--- START ---
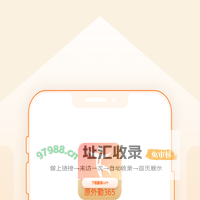 客户端下载-勤策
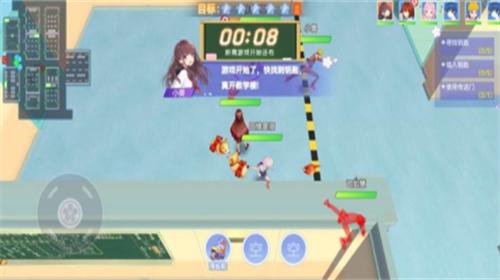 樱花校园躲猫猫最新版免广告版 v1.0.4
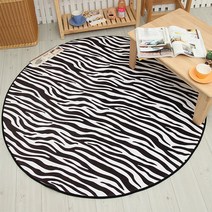 지브라 패턴 라운드 메모리폼 러그 150x150cm, 블랙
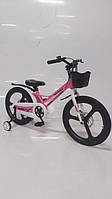 Легкий рожевий велосипед Mars-2 Evoultion 20 дюймів для дівчаток від 6 років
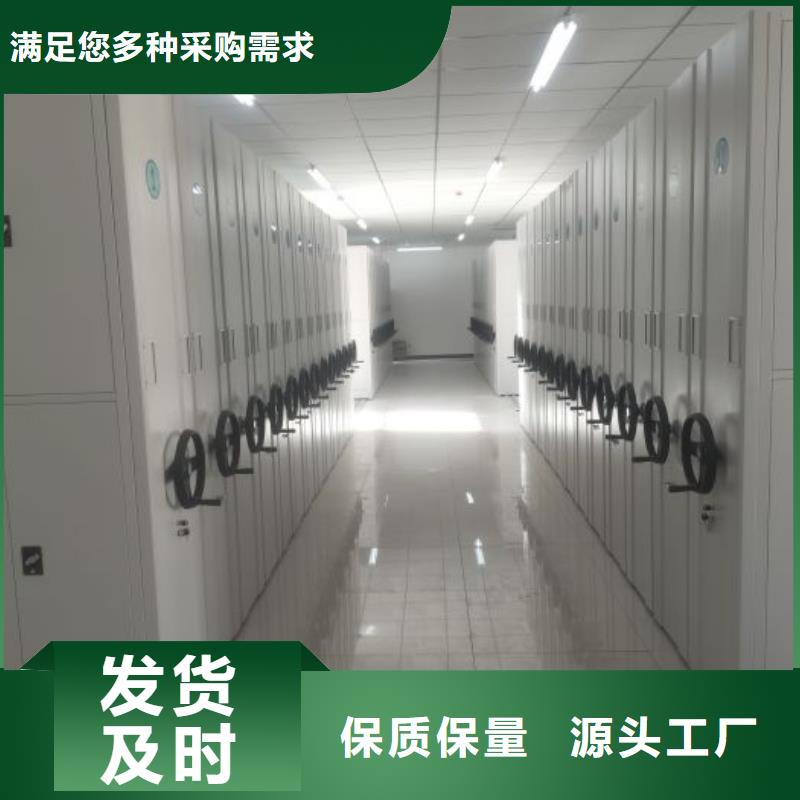 腳踏實(shí)地【鑫康】手搖密集活動(dòng)柜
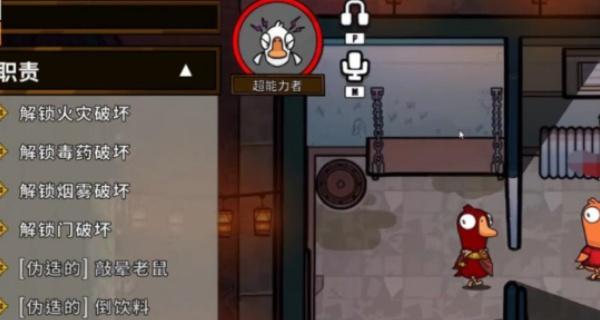 鹅鸭杀超能力者怎么玩-超能力者玩法介绍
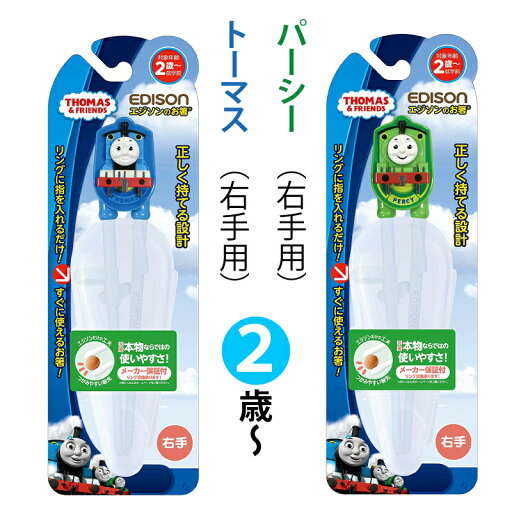 【右手用】エジソンのお箸 きかんしゃトーマス(ケース付) 2歳から 初めてのお箸 練習 矯正箸 すぐに使える トーマス パーシー 離乳食 ベビーフード ベビー 赤ちゃん用品 ベビー用品 赤ちゃん グッズ 【右手用】エジソンのお箸 きかんしゃトーマス(ケース付) 2歳から 初めてのお箸 練習 矯正箸 すぐに使える トーマス パーシー 離乳食 ベビーフード ベビー 赤ちゃん用品 ベビー用品 赤ちゃん グッズ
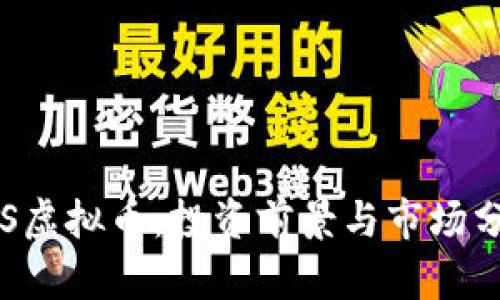 SFS虚拟币：投资前景与市场分析
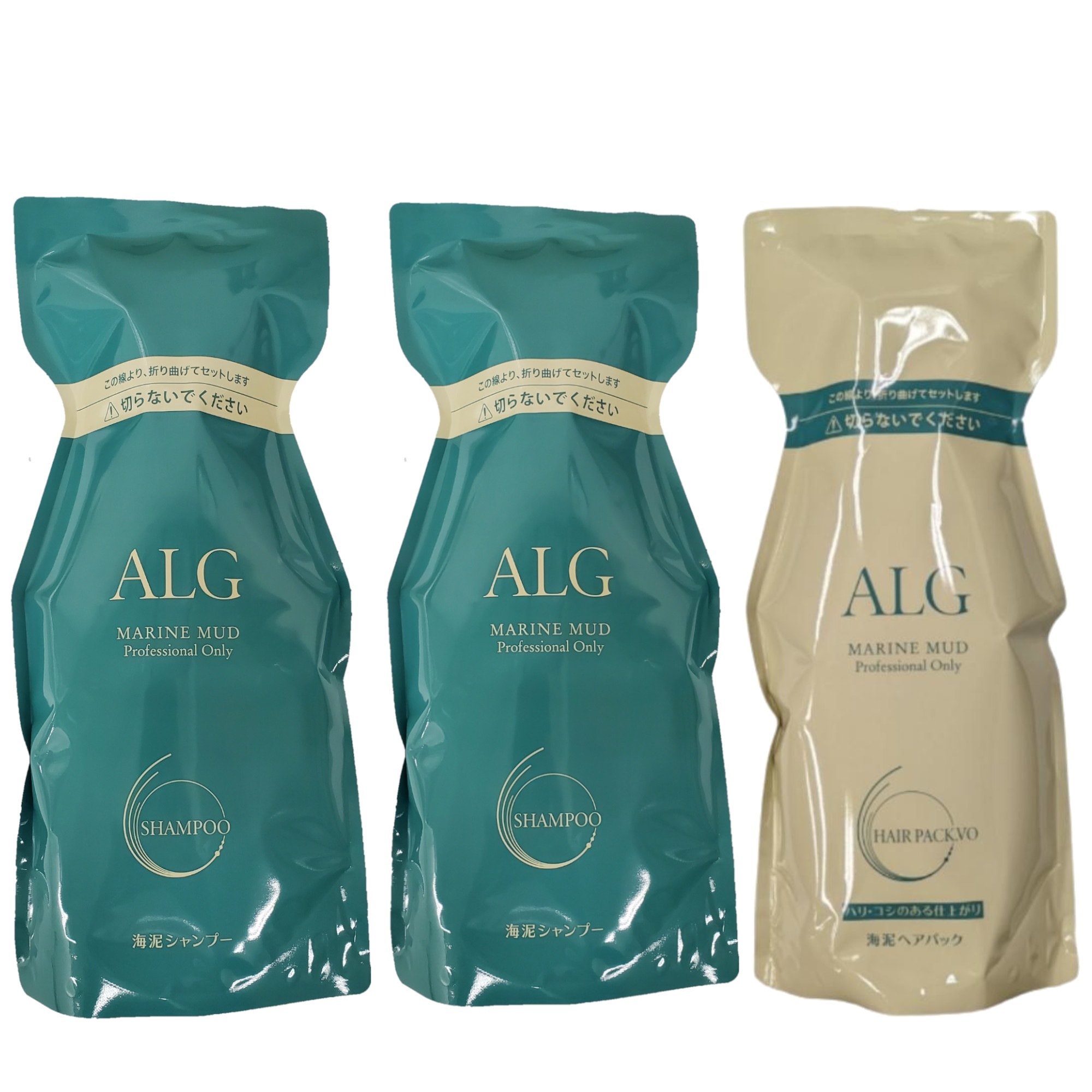 【送料無料】パシフィックプロダクツ / ALG アルグシャンプー 600ml + ヘアパック VO 600g【シャンプー 2個 / トリートメント 1個 セット 】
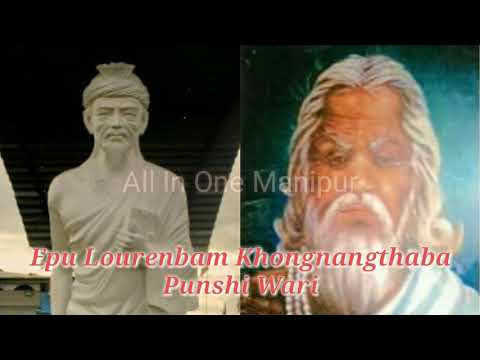Epu Lourenbam Khongnangthaba Punshi Wari  All In One Manipur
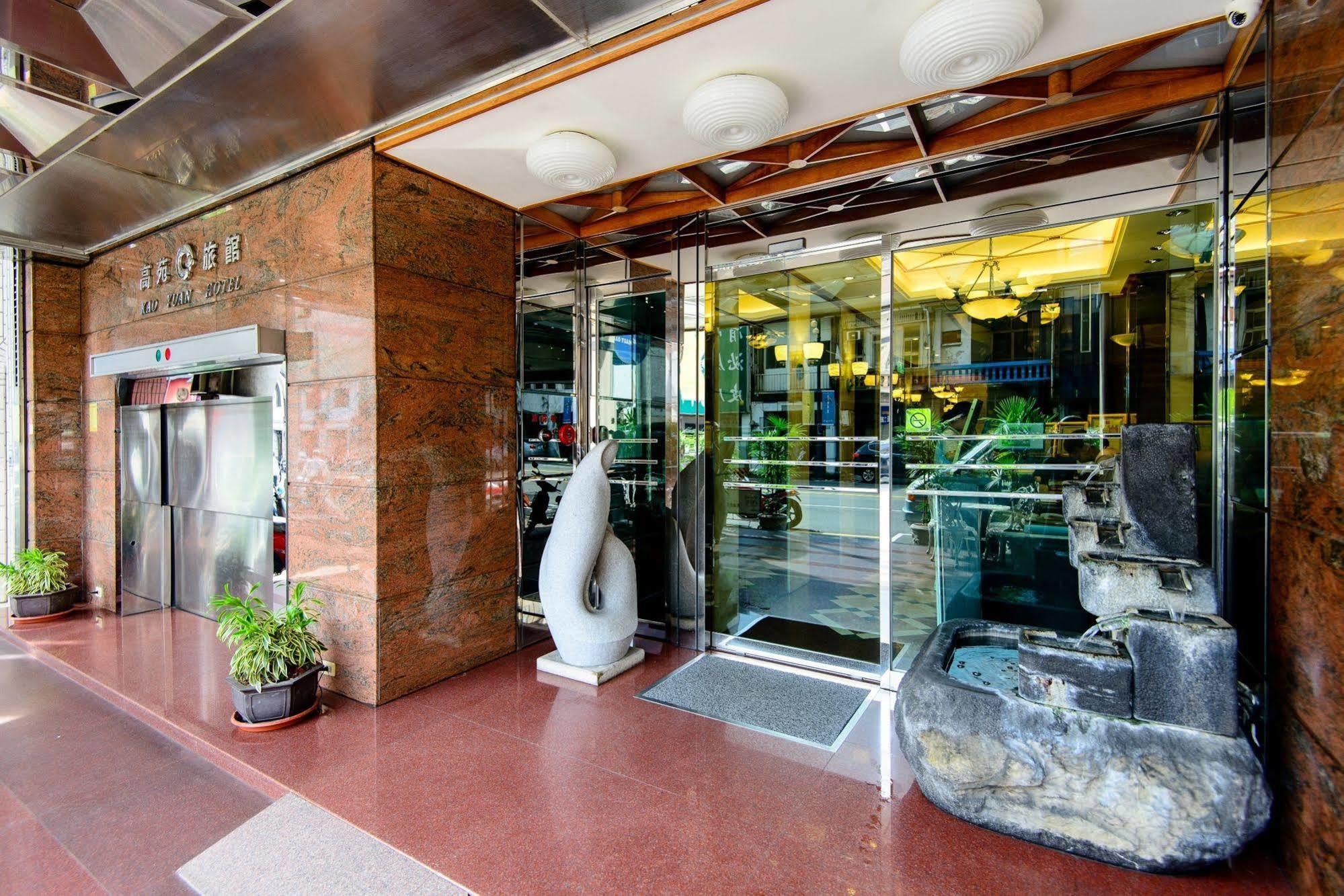 Kao Yuan Hotel - Zhong Zheng Tchaj-čung Exteriér fotografie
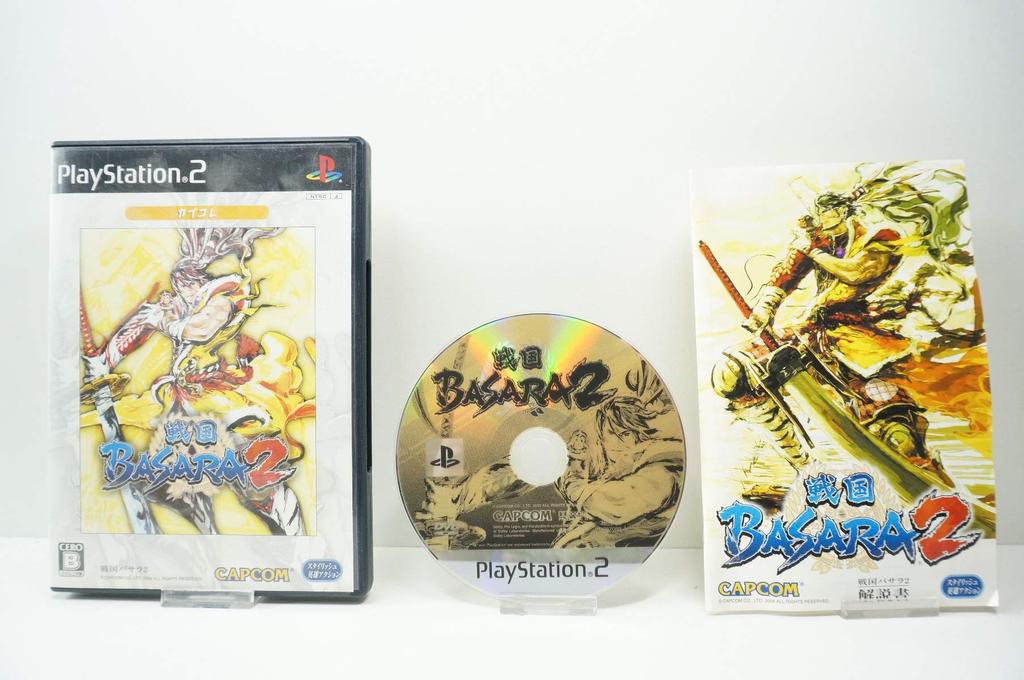 Sengoku BASARA 2 Capcom Collection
--- END ---
▸ Exercise aim
Type out each line of the records above exactly, skipping any pictures.

▸ Answer for the task
 客户端下载-勤策
 樱花校园躲猫猫最新版免广告版 v1.0.4
 지브라 패턴 라운드 메모리폼 러그 150x150cm, 블랙
 Легкий рожевий велосипед Mars-2 Evoultion 20 дюймів для дівчаток від 6 років
 腳踏實(shí)地【鑫康】手搖密集活動(dòng)柜
 鹅鸭杀超能力者怎么玩-超能力者玩法介绍
 【右手用】エジソンのお箸 きかんしゃトーマス(ケース付) 2歳から 初めてのお箸 練習 矯正箸 すぐに使える トーマス パーシー 離乳食 ベビーフード ベビー 赤ちゃん用品 ベビー用品 赤ちゃん グッズ 【右手用】エジソンのお箸 きかんしゃトーマス(ケース付) 2歳から 初めてのお箸 練習 矯正箸 すぐに使える トーマス パーシー 離乳食 ベビーフード ベビー 赤ちゃん用品 ベビー用品 赤ちゃん グッズ
 SFS虚拟币：投资前景与市场分析
 【送料無料】パシフィックプロダクツ / ALG アルグシャンプー 600ml + ヘアパック VO 600g【シャンプー 2個 / トリートメント 1個 セット 】
Epu Lourenbam Khongnangthaba Punshi Wari  All In One Manipur
 Kao Yuan Hotel - Zhong Zheng Tchaj-čung Exteriér fotografie
 Sengoku BASARA 2 Capcom Collection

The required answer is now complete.